→ **WHAT YOU ARE ASKED TO DO**
Among the entries below, which lines run from the line with "Girl with Two" through the line with "Seven Strand Dyed"? Retype those, both ends included, exactly and without pictures.

→ **SOURCE RECORDS**
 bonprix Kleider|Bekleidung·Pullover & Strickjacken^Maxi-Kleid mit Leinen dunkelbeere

...

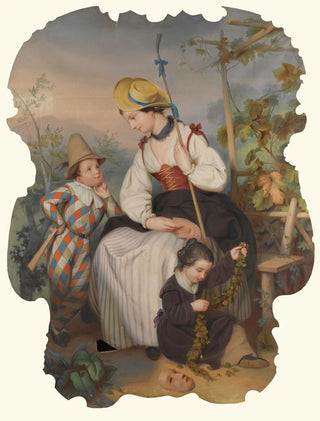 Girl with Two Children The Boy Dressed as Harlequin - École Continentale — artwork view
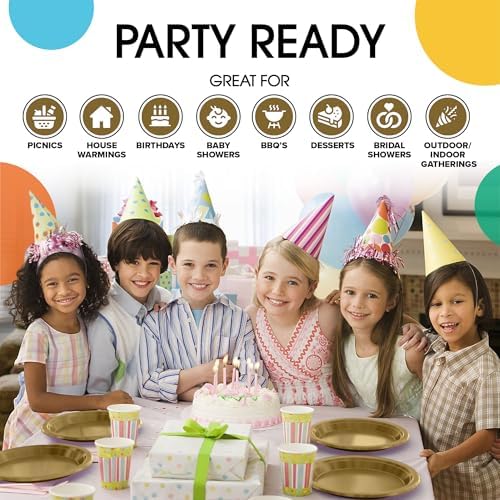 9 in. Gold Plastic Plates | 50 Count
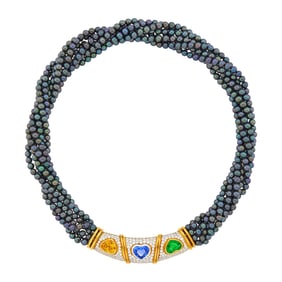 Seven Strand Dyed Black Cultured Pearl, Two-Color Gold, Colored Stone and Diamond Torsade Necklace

==

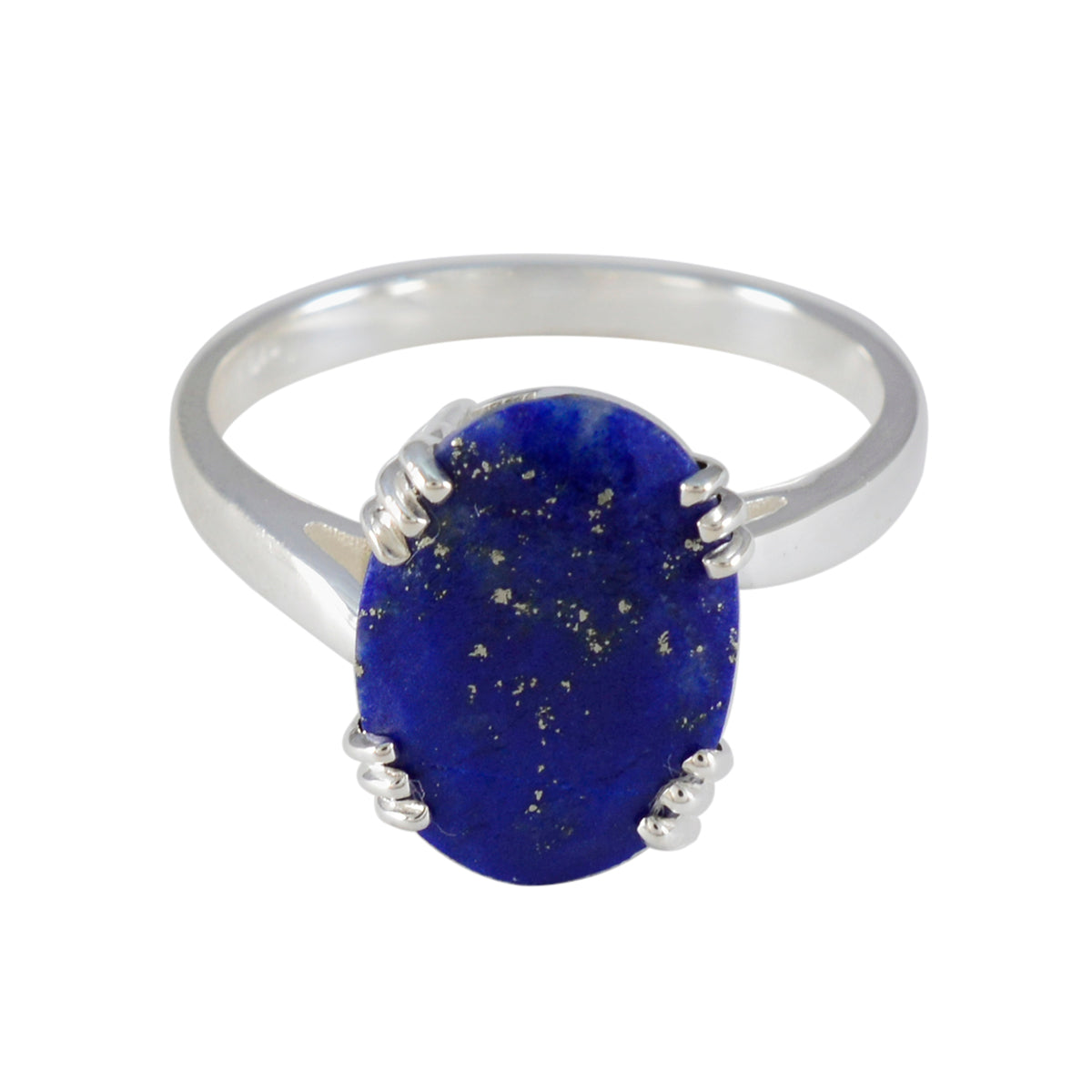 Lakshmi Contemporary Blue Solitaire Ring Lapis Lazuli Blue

→ **WRITTEN RESPONSE**
 Girl with Two Children The Boy Dressed as Harlequin - École Continentale — artwork view
 9 in. Gold Plastic Plates | 50 Count
 Seven Strand Dyed Black Cultured Pearl, Two-Color Gold, Colored Stone and Diamond Torsade Necklace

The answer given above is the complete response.